Messaggioda Lupicida » giovedì 31 gennaio 2013, 10:57

egometta ha scritto:
daniela ha scritto:E' questo il particolare che voleva vedere?
http://i49.tinypic.com/ify29w.jpg

No, continuate a non capirvi: il particolare che serve è l'intera zona centrale, ai lati dello sportello eucaristico mancante, dove secondo il sito linkato molti messaggi fa: "Nella predella, al centro i SS. Bernardino da Siena e Pietro martire e ai lati i SS. Martiri del Marocco".
Però dalla foto linkata qui e da quella pubblicata tramite l'Amministratore sembra non esservi né San Piero martire (c'è invece l'ennesimo francescano, come sospettavo, ugualmente molti messaggi sopra) né San Bernardino (ma un generico francescano, palmigero, quindi martire pure lui...)
Però, invece che rincorrersi di messaggio in messaggio e di interpretazione in interpretazione, con foto non visibili o poco definite o da recuperare 3-4 pagine prima, perché non carichi tutti gli scomparti, anche uno per uno tra [img]e[/img], così tutti vedono tutto in diretta e ragionano su ciò che osservano?


Giusto.
Dalle foto che finora abbiamo a disposizione si vede che tutti e sei i santi della predella sono francescani.

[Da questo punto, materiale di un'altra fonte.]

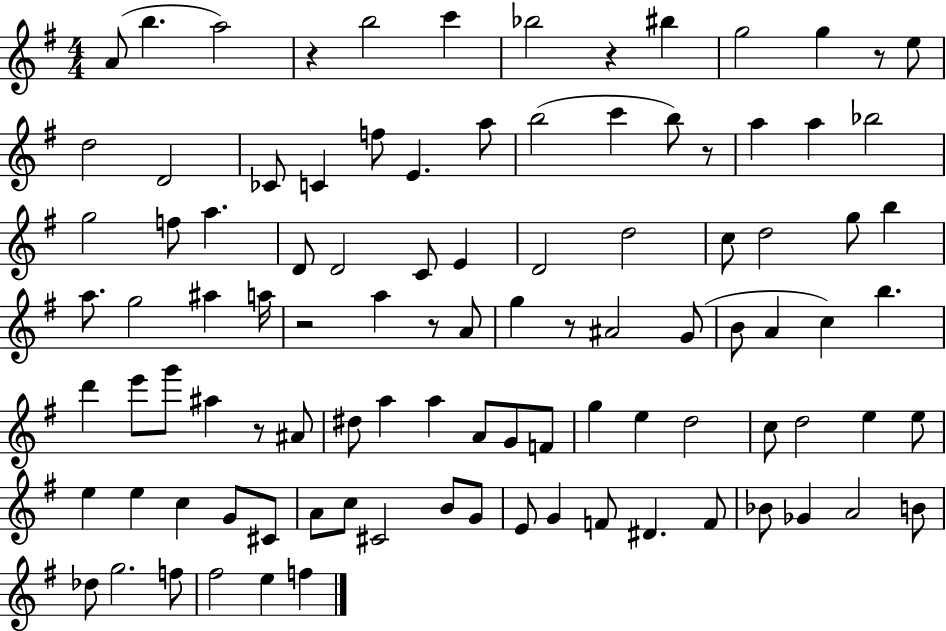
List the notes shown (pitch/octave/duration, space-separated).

A4/e B5/q. A5/h R/q B5/h C6/q Bb5/h R/q BIS5/q G5/h G5/q R/e E5/e D5/h D4/h CES4/e C4/q F5/e E4/q. A5/e B5/h C6/q B5/e R/e A5/q A5/q Bb5/h G5/h F5/e A5/q. D4/e D4/h C4/e E4/q D4/h D5/h C5/e D5/h G5/e B5/q A5/e. G5/h A#5/q A5/s R/h A5/q R/e A4/e G5/q R/e A#4/h G4/e B4/e A4/q C5/q B5/q. D6/q E6/e G6/e A#5/q R/e A#4/e D#5/e A5/q A5/q A4/e G4/e F4/e G5/q E5/q D5/h C5/e D5/h E5/q E5/e E5/q E5/q C5/q G4/e C#4/e A4/e C5/e C#4/h B4/e G4/e E4/e G4/q F4/e D#4/q. F4/e Bb4/e Gb4/q A4/h B4/e Db5/e G5/h. F5/e F#5/h E5/q F5/q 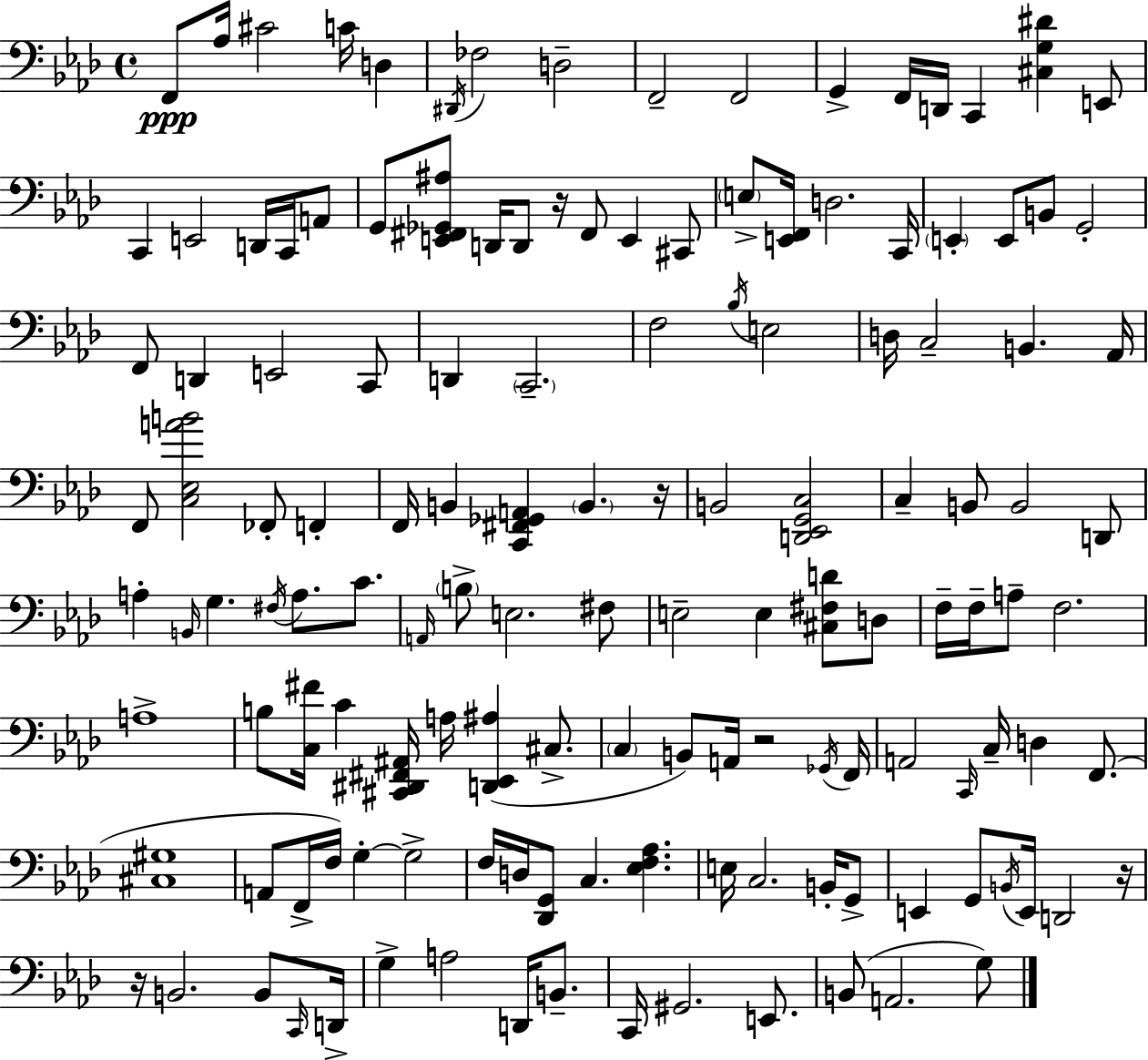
{
  \clef bass
  \time 4/4
  \defaultTimeSignature
  \key aes \major
  \repeat volta 2 { f,8\ppp aes16 cis'2 c'16 d4 | \acciaccatura { dis,16 } fes2 d2-- | f,2-- f,2 | g,4-> f,16 d,16 c,4 <cis g dis'>4 e,8 | \break c,4 e,2 d,16 c,16 a,8 | g,8 <e, fis, ges, ais>8 d,16 d,8 r16 fis,8 e,4 cis,8 | \parenthesize e8-> <e, f,>16 d2. | c,16 \parenthesize e,4-. e,8 b,8 g,2-. | \break f,8 d,4 e,2 c,8 | d,4 \parenthesize c,2.-- | f2 \acciaccatura { bes16 } e2 | d16 c2-- b,4. | \break aes,16 f,8 <c ees a' b'>2 fes,8-. f,4-. | f,16 b,4 <c, fis, ges, a,>4 \parenthesize b,4. | r16 b,2 <d, ees, g, c>2 | c4-- b,8 b,2 | \break d,8 a4-. \grace { b,16 } g4. \acciaccatura { fis16 } a8. | c'8. \grace { a,16 } \parenthesize b8-> e2. | fis8 e2-- e4 | <cis fis d'>8 d8 f16-- f16-- a8-- f2. | \break a1-> | b8 <c fis'>16 c'4 <cis, dis, fis, ais,>16 a16 <d, ees, ais>4( | cis8.-> \parenthesize c4 b,8) a,16 r2 | \acciaccatura { ges,16 } f,16 a,2 \grace { c,16 } c16-- | \break d4 f,8.( <cis gis>1 | a,8 f,16-> f16) g4-.~~ g2-> | f16 d16 <des, g,>8 c4. | <ees f aes>4. e16 c2. | \break b,16-. g,8-> e,4 g,8 \acciaccatura { b,16 } e,16 d,2 | r16 r16 b,2. | b,8 \grace { c,16 } d,16-> g4-> a2 | d,16 b,8.-- c,16 gis,2. | \break e,8. b,8( a,2. | g8) } \bar "|."
} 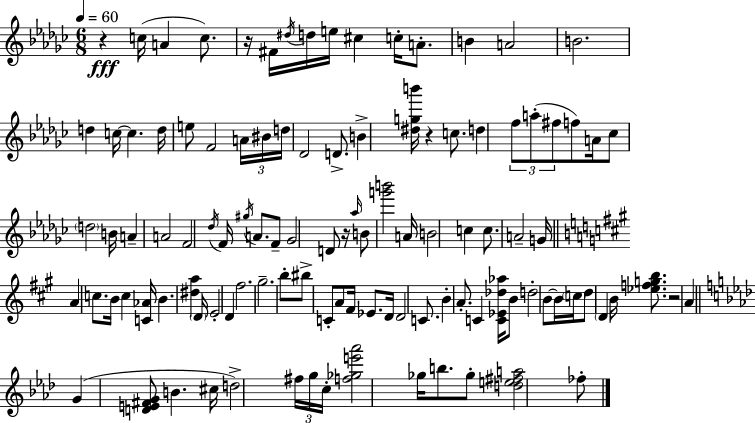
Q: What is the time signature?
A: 6/8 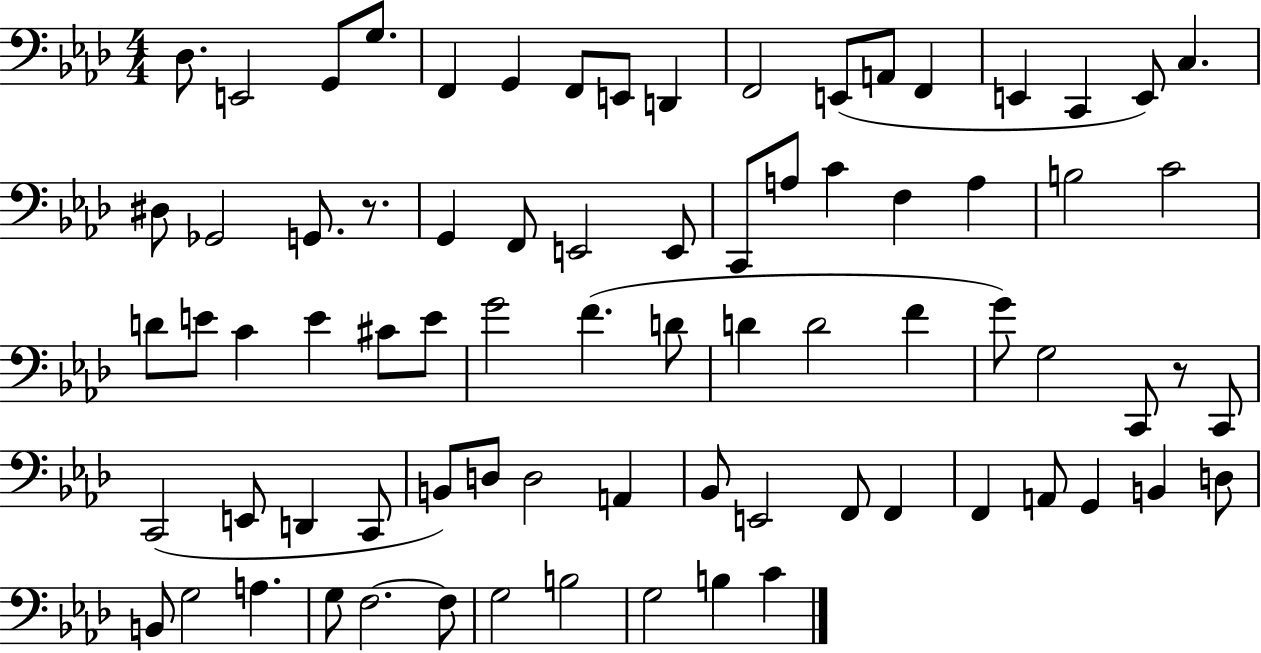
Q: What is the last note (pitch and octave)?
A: C4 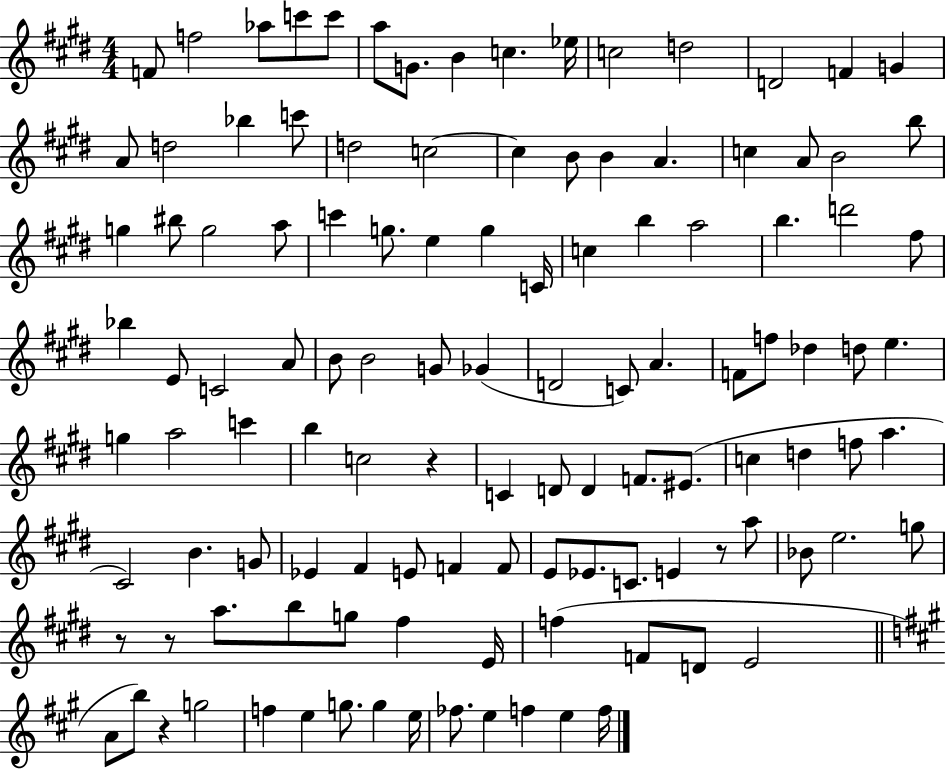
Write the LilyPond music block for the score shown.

{
  \clef treble
  \numericTimeSignature
  \time 4/4
  \key e \major
  f'8 f''2 aes''8 c'''8 c'''8 | a''8 g'8. b'4 c''4. ees''16 | c''2 d''2 | d'2 f'4 g'4 | \break a'8 d''2 bes''4 c'''8 | d''2 c''2~~ | c''4 b'8 b'4 a'4. | c''4 a'8 b'2 b''8 | \break g''4 bis''8 g''2 a''8 | c'''4 g''8. e''4 g''4 c'16 | c''4 b''4 a''2 | b''4. d'''2 fis''8 | \break bes''4 e'8 c'2 a'8 | b'8 b'2 g'8 ges'4( | d'2 c'8) a'4. | f'8 f''8 des''4 d''8 e''4. | \break g''4 a''2 c'''4 | b''4 c''2 r4 | c'4 d'8 d'4 f'8. eis'8.( | c''4 d''4 f''8 a''4. | \break cis'2) b'4. g'8 | ees'4 fis'4 e'8 f'4 f'8 | e'8 ees'8. c'8. e'4 r8 a''8 | bes'8 e''2. g''8 | \break r8 r8 a''8. b''8 g''8 fis''4 e'16 | f''4( f'8 d'8 e'2 | \bar "||" \break \key a \major a'8 b''8) r4 g''2 | f''4 e''4 g''8. g''4 e''16 | fes''8. e''4 f''4 e''4 f''16 | \bar "|."
} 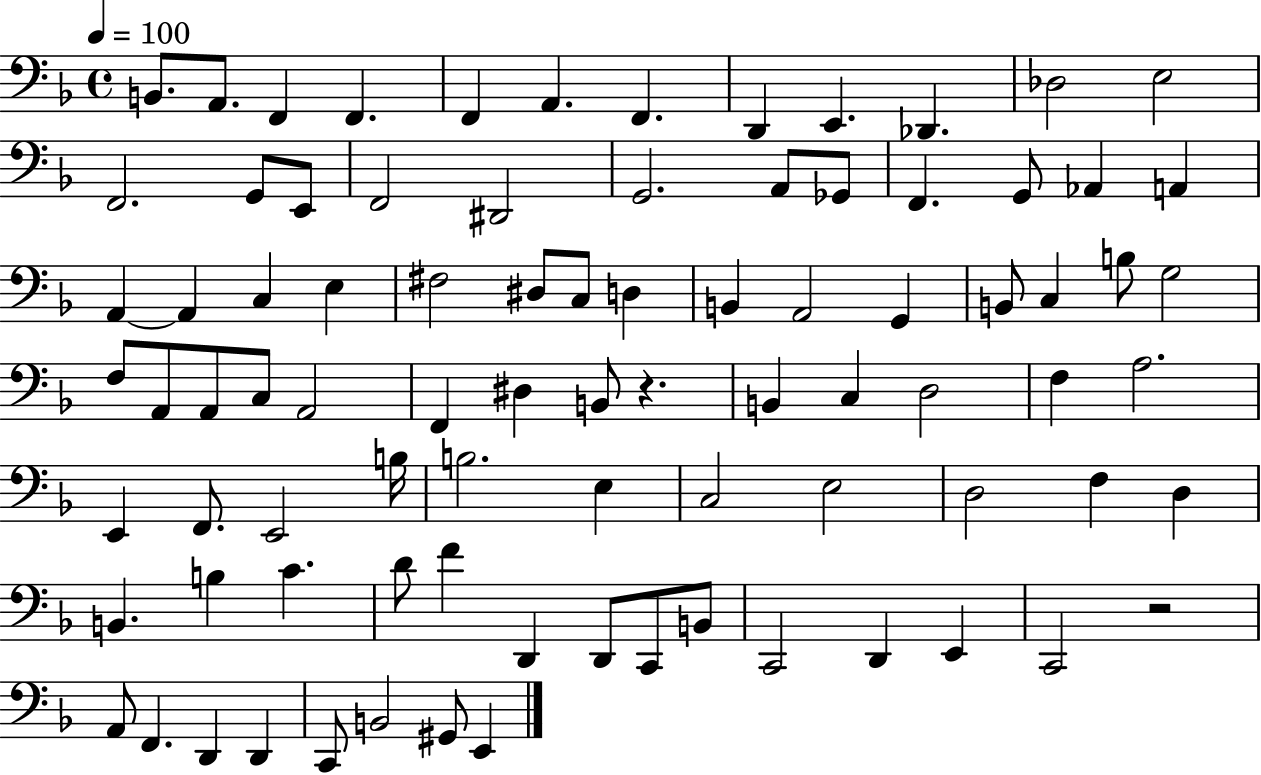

Almeno cinque hanno la palma, e questi dovrebbero essere i cinque martiri del Marocco. Restano dubbi sul terzo da sinistra, il presunto S. Bernardino, visibile solo nell'intero. Sarebbe comunque naturale che fosse proprio il santo senese, altrimenti in questo polittico fatto per un convento di francescani osservanti mancherebbe proprio il santo più celebre dell'Osservanza.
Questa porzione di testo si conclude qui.